The optimal set of routes for all users, i.e. the set of routes that minimizes the sum of all travel times, is commonly referred to as the *System Optimum (SO)*. It can be shown that, again under reasonable assumptions on travel time functions and network topology, that the SO is in general superior to NE in terms of sum of all travel times. In certain cases, the ratio between NE and SO can even be unbounded, i.e. the NE can be infinitely less efficient than the SO. In AGT, the worst case ratio between NE and SO is called the *Price of Anarchy (PoA)*, and the best case is called the *Price of Stability (PoS)*.

AGT also proposes models where users form coalitions, and each coalition attempts to optimize the sum of travel times for all of its users. It has been shown that in these models, coalitions can have an adverse effect on system performance, and the worst case ratio between the NE of coalitions and the SO is called the *Price of Collusion (PoC)*.

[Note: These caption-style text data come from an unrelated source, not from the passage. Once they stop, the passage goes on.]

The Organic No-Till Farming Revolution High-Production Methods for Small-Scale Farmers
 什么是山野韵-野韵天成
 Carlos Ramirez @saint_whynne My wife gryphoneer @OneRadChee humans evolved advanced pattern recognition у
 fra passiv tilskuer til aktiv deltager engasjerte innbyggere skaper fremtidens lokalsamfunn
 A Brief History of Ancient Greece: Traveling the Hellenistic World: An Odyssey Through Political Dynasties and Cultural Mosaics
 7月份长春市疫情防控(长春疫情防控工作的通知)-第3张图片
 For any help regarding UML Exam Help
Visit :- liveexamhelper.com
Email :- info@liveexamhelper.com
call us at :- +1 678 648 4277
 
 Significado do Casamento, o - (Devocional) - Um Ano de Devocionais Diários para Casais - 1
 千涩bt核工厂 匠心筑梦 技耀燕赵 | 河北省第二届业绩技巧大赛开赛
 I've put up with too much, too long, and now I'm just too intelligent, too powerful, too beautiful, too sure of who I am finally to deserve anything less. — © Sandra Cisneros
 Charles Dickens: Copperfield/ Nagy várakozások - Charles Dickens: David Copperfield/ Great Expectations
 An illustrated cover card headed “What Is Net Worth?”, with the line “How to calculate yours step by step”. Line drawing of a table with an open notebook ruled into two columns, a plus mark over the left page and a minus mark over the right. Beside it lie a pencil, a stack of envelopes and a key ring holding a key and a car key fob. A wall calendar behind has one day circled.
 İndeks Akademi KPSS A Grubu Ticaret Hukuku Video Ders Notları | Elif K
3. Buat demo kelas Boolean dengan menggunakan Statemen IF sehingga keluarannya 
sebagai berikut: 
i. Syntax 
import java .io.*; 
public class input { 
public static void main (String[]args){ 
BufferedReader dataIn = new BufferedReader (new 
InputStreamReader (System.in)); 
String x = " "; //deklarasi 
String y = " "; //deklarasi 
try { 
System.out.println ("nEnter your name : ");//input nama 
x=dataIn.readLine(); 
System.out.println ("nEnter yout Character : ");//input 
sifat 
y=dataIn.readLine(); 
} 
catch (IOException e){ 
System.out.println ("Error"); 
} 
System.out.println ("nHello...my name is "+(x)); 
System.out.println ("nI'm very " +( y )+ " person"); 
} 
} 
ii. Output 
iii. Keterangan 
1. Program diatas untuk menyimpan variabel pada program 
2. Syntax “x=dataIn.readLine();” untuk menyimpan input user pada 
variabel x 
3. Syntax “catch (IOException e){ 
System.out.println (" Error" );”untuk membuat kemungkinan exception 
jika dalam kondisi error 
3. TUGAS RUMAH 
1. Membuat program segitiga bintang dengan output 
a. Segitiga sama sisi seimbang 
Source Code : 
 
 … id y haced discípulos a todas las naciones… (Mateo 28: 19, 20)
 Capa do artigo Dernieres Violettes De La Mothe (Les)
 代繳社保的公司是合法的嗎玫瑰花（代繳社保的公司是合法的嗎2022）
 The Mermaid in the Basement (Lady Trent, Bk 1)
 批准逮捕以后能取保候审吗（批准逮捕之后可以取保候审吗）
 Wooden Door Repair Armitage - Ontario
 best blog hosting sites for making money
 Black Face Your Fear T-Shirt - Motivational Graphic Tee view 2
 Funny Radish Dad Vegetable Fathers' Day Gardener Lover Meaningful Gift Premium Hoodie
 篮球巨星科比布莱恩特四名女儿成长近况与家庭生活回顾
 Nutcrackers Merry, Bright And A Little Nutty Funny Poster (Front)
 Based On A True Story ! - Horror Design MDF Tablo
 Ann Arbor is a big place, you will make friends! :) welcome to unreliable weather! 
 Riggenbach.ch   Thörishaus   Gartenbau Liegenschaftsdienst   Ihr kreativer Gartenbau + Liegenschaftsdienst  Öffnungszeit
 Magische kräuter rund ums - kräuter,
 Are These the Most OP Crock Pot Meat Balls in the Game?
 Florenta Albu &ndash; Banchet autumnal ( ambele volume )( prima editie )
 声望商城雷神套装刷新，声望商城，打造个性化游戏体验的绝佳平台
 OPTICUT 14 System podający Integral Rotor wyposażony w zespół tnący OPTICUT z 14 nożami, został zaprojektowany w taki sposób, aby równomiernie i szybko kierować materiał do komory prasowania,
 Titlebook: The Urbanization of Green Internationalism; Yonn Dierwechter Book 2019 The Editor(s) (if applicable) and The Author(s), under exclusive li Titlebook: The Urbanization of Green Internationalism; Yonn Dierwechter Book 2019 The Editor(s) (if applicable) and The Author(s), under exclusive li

All the results on PoA, PoS, and PoC cited above heavily rely on the assumption that users form a NE when uncoordinated. However, this is hardly the case for car traffic in the real world, where users typically do not have full information on travel times in the road network around them. So while many roads in our cities get heavily congested during rush hours, drivers with very good local knowledge can usually find faster routes which avoid the worst traffic jams rather easily. And with the advent of navigation systems that receive detailed real-time traffic information, this opportunity to find better routes through traffic potentially becomes available to anyone. Moreover, the idea to routinely coordinate routes for many users is becoming more and more realistic today, where cars and mobile devices are becoming increasingly connected. This leads to the following research questions:

- How can we expect traffic to change when more and more users have access to and make use of accurate real-time traffic information?
- What would be the effect of introducing coordinated routing, and what could be a realistic and sensible coordination strategy?

**Micro-simulation** shall be used to model users with access to different kinds of technology and information travelling on the road network.